■ TASK REQUIREMENTS
Leaving out all pictures, write out word for word the lines from the one containing "Lobelia appendiculata image" to the end of the data below.

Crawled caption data
======

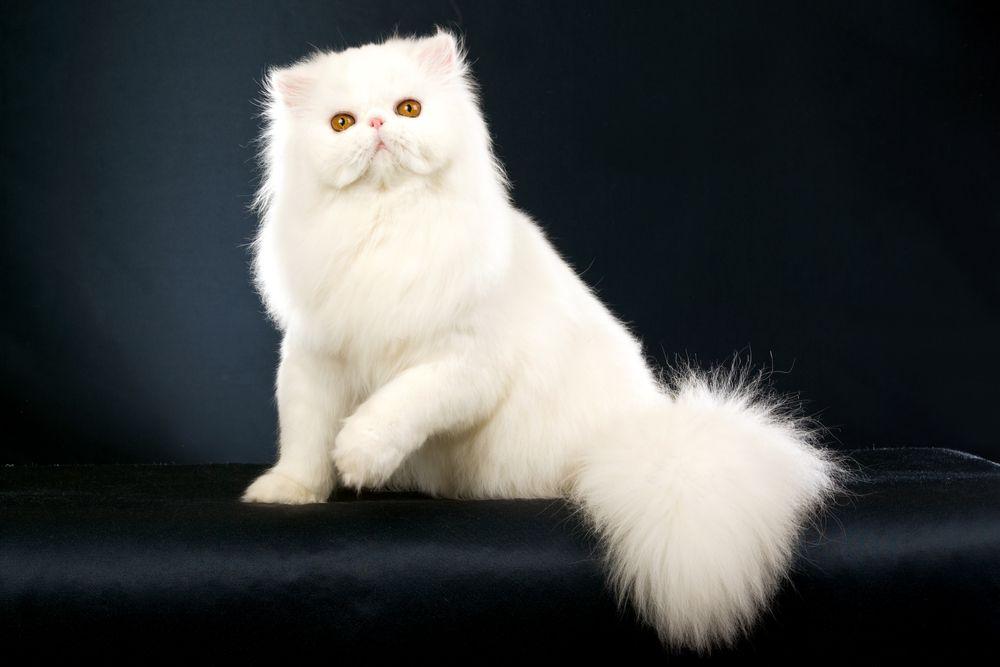 kot perski biały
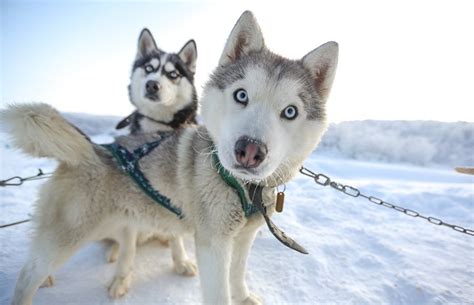 The First Sled Dogs Appear In The Arctic 9500 Years Ago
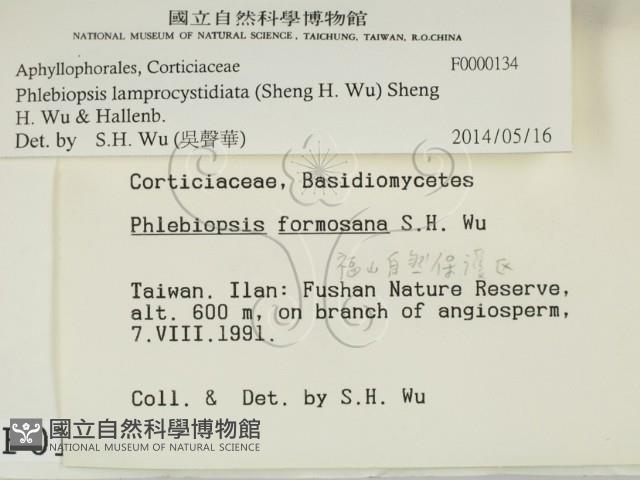 燈籠囊擬射脈菌藏品圖，第2張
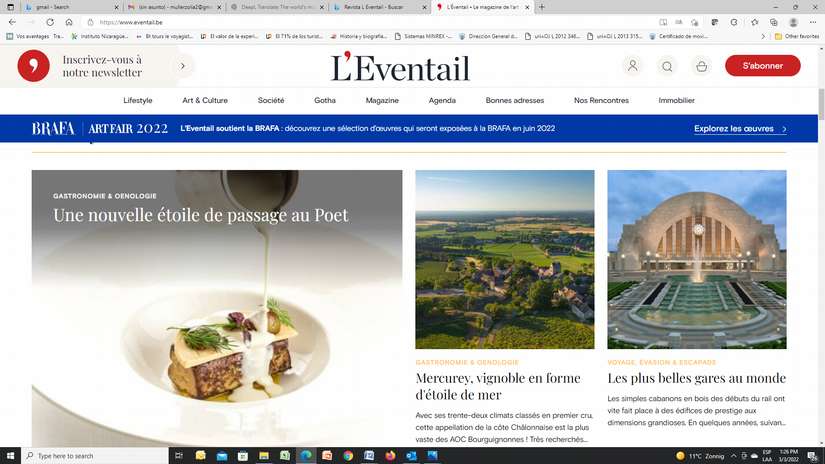 revista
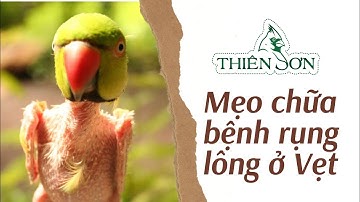 Mẹo chữa bệnh rụng lông ở Vẹt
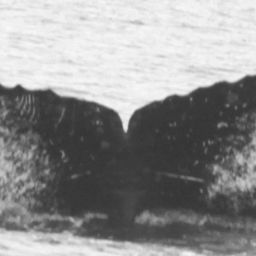 Fluke of CRC-12437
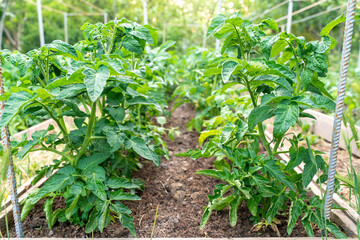 Tomato plants growing outdoors in a garden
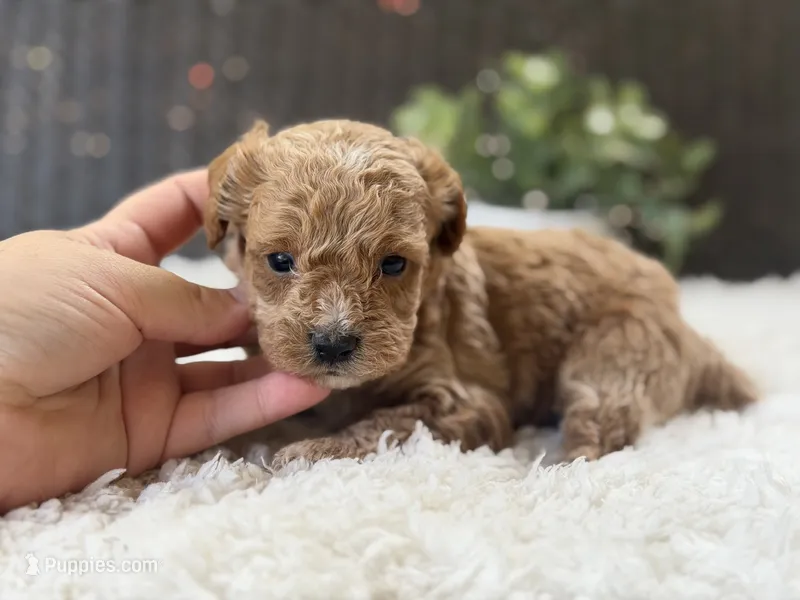 Harley  – Poodle - Toy  puppy for sale in Hardin, TX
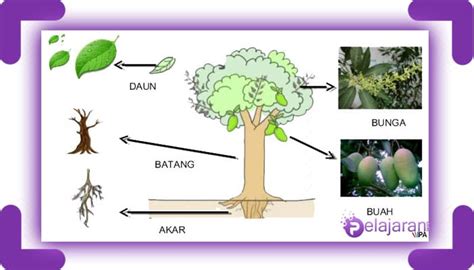 Menakjubkan 16+ Gambar Bunga Lengkap Dengan Fungsinya - Gambar Bunga Indah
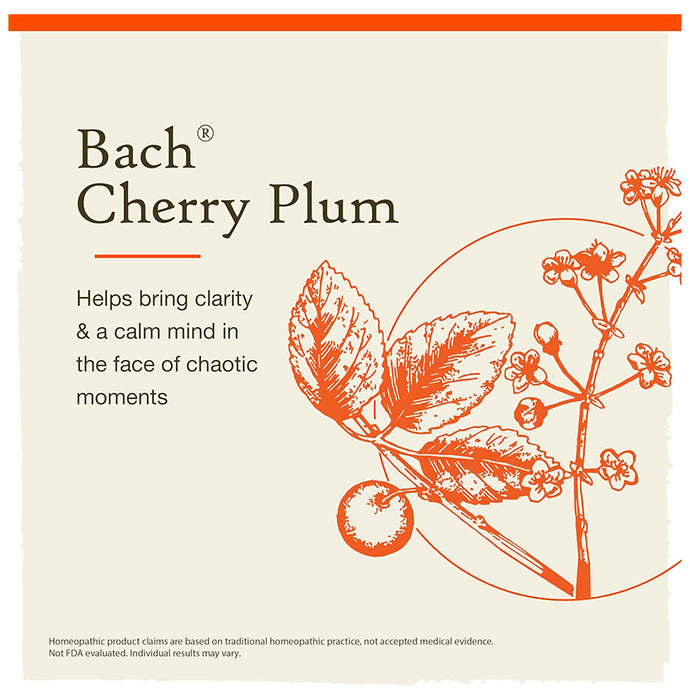 Bach Chery Plum Be in Control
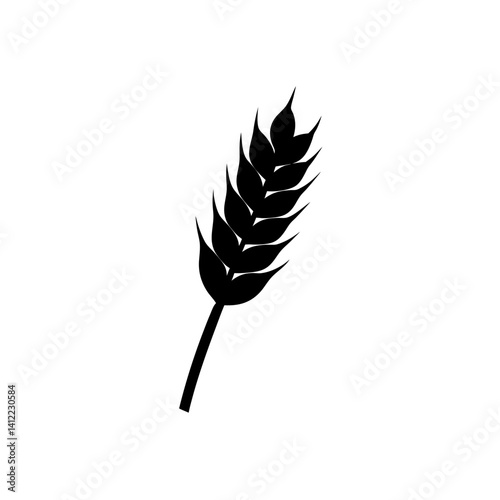 wheat isolated on white background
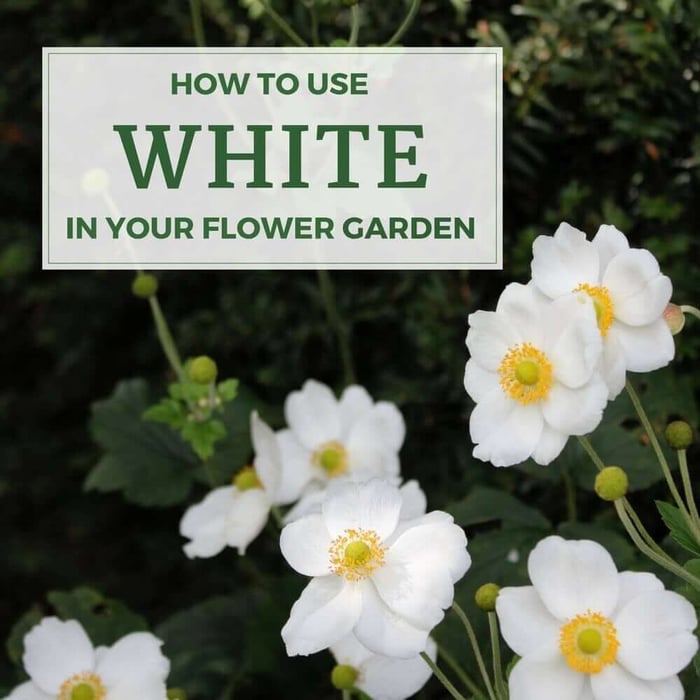How to Use White in Your Flower Garden - Longfield Gardens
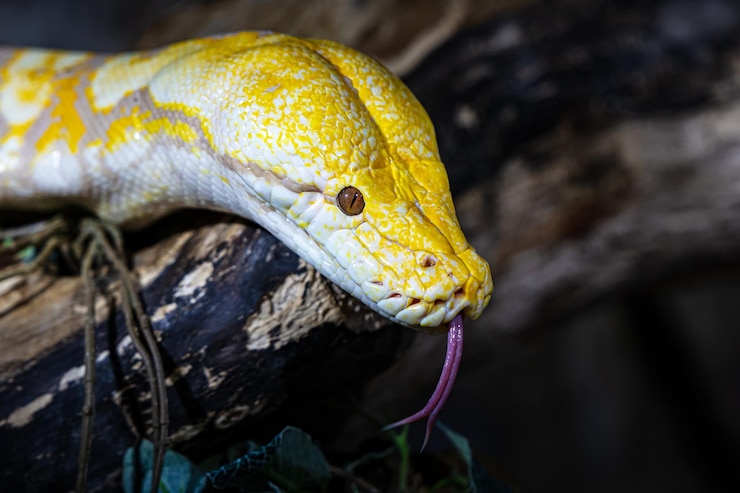 Foto serpiente pitón birmana reptiles y reptiles anfibios y anfibios fauna tropical fauna silvestre y zoología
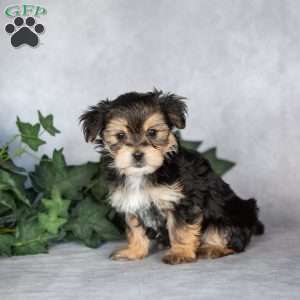 Gabriella, Morkie / Yorktese Puppy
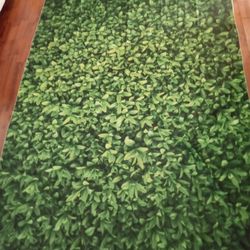 Party Walls And balloon S With  Props 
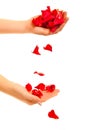 Red rose petals in woman's hand isolated Royalty Free Stock Photo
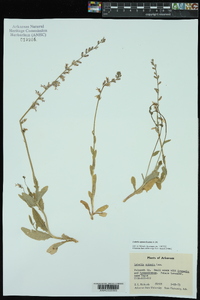 Lobelia appendiculata image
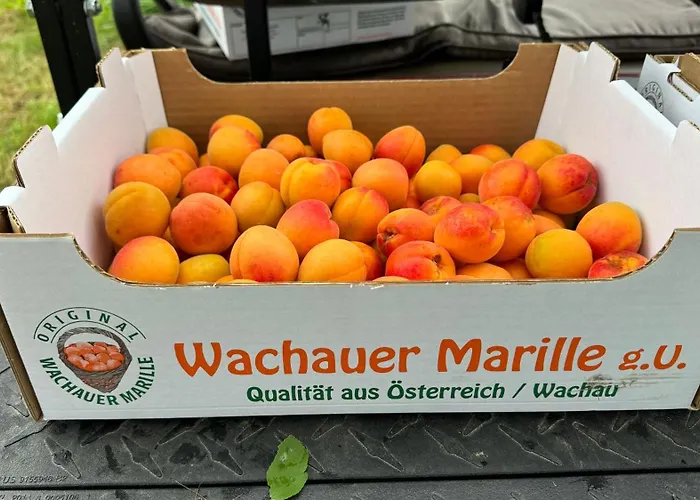 Haus Stierschneider Apartament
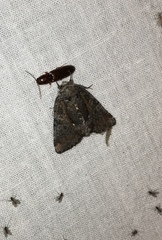 Chytonix sensilis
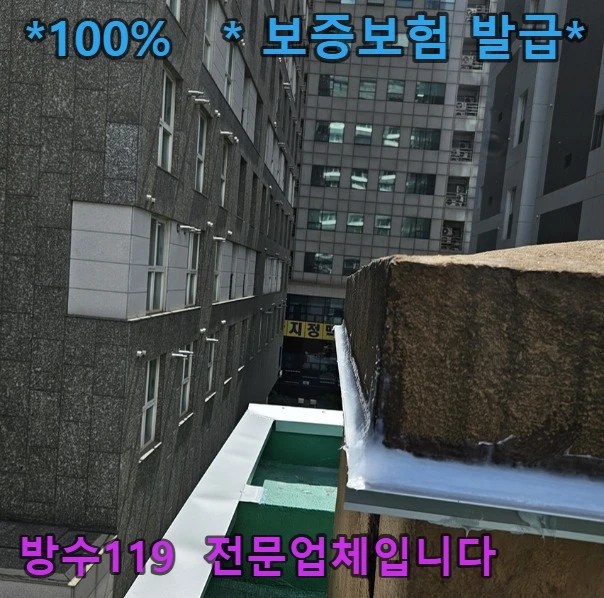 20260811094720_3ea6dcdd.webp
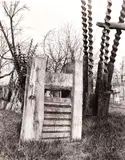 Mihai Oroveanu, Fluturi (Grădina lui Apostu), fotografie analogică
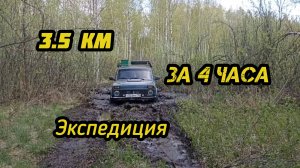 Загрузились так ,что машины тонут в весеннем лесу..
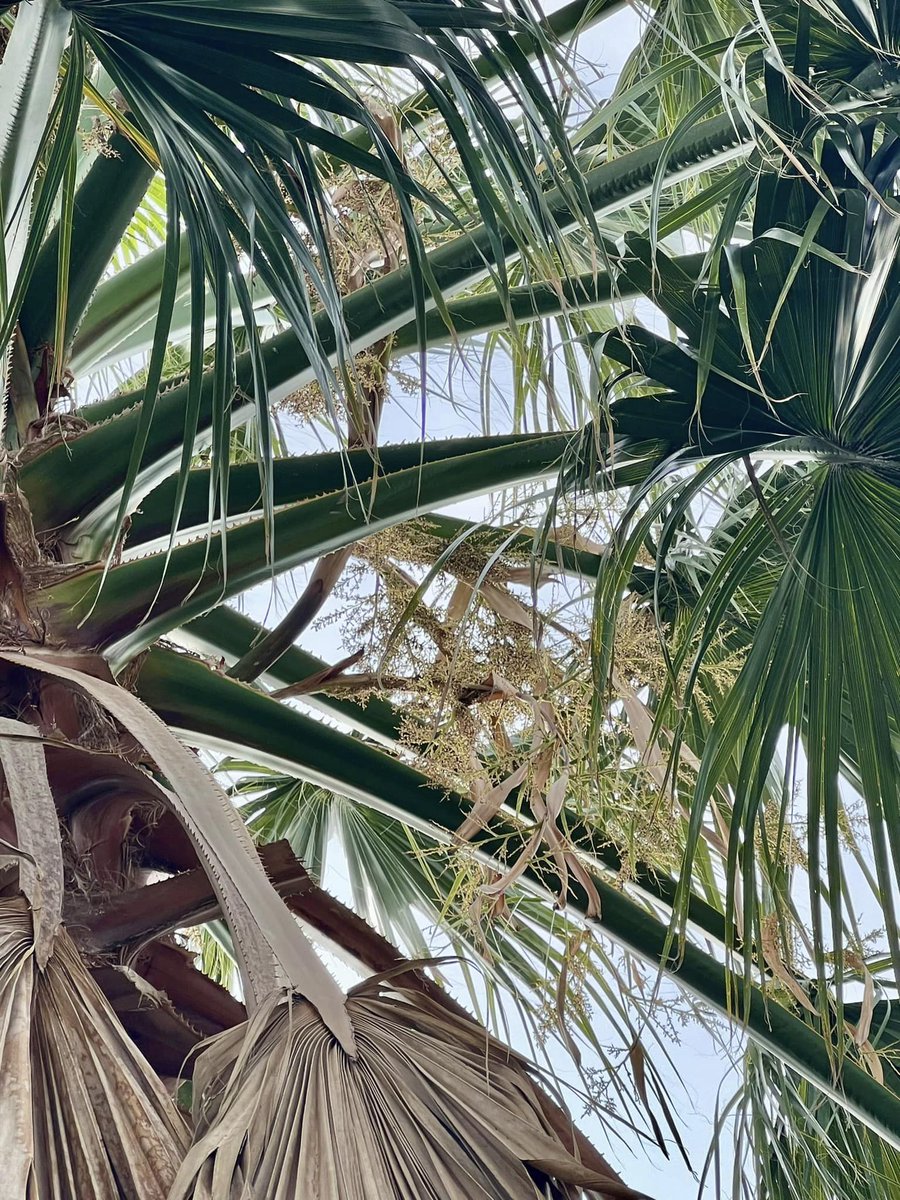 Surrey Palms & Exotics tweet media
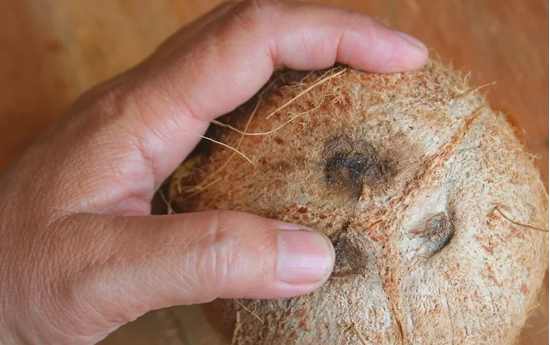 椰子怎么打开最简单方法,椰子怎么打开教学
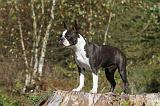 BOSTON TERRIER 048
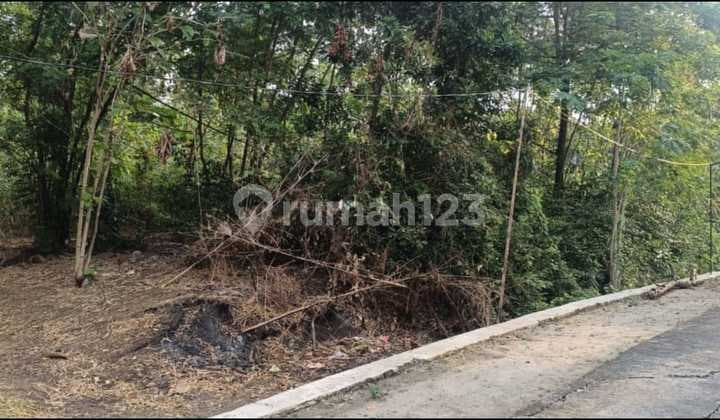 Tanah Pekarangan Luas di Masaran Sragen, Lahan Produktif
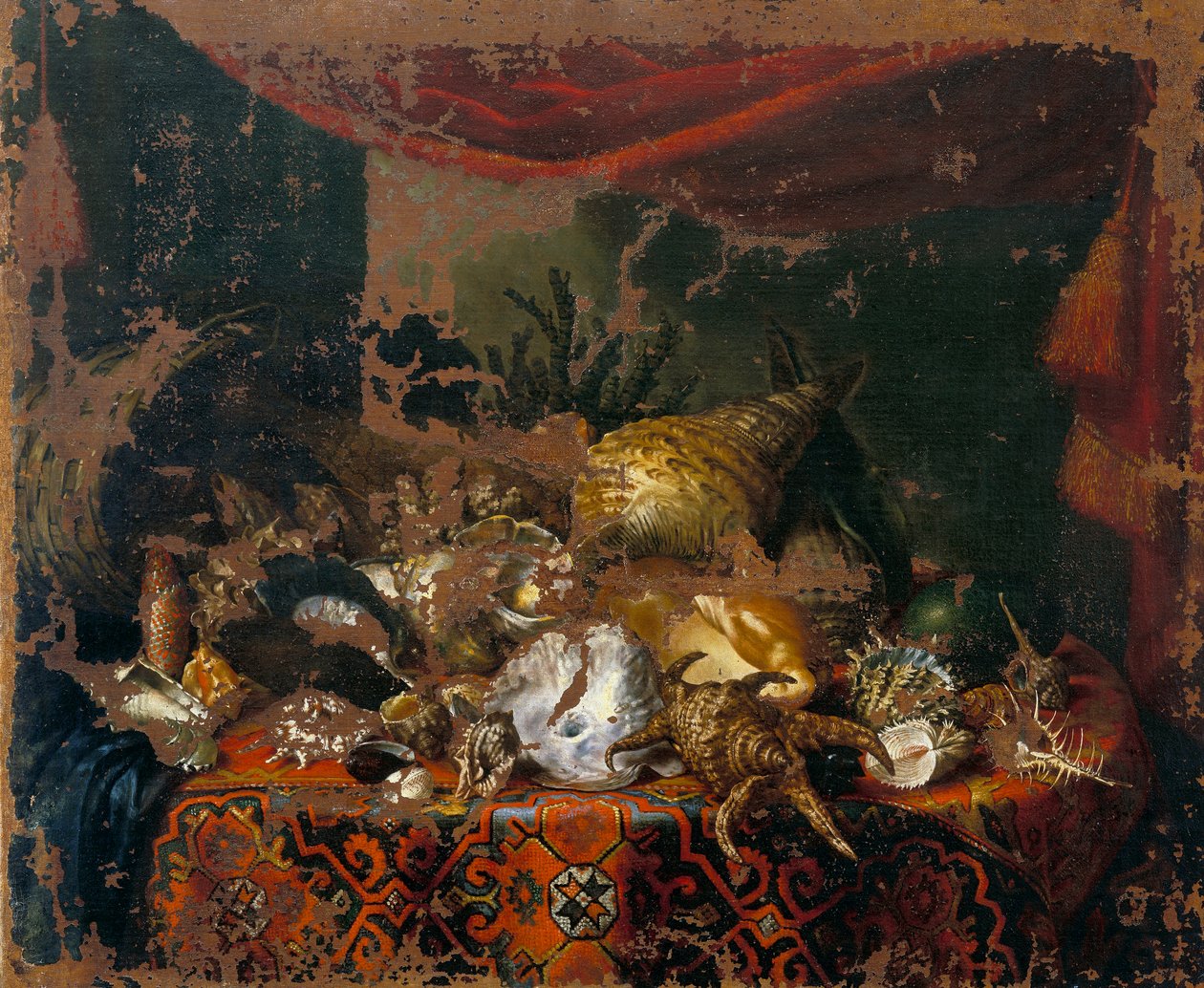 Muscheln von Bartolomeo Bimbi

======

■ WRITTEN SOLUTION
 Lobelia appendiculata image
 Haus Stierschneider Apartament
 Chytonix sensilis
 20260811094720_3ea6dcdd.webp
 Mihai Oroveanu, Fluturi (Grădina lui Apostu), fotografie analogică
 Загрузились так ,что машины тонут в весеннем лесу..
 Surrey Palms & Exotics tweet media
 椰子怎么打开最简单方法,椰子怎么打开教学
 BOSTON TERRIER 048
 Tanah Pekarangan Luas di Masaran Sragen, Lahan Produktif
 Muscheln von Bartolomeo Bimbi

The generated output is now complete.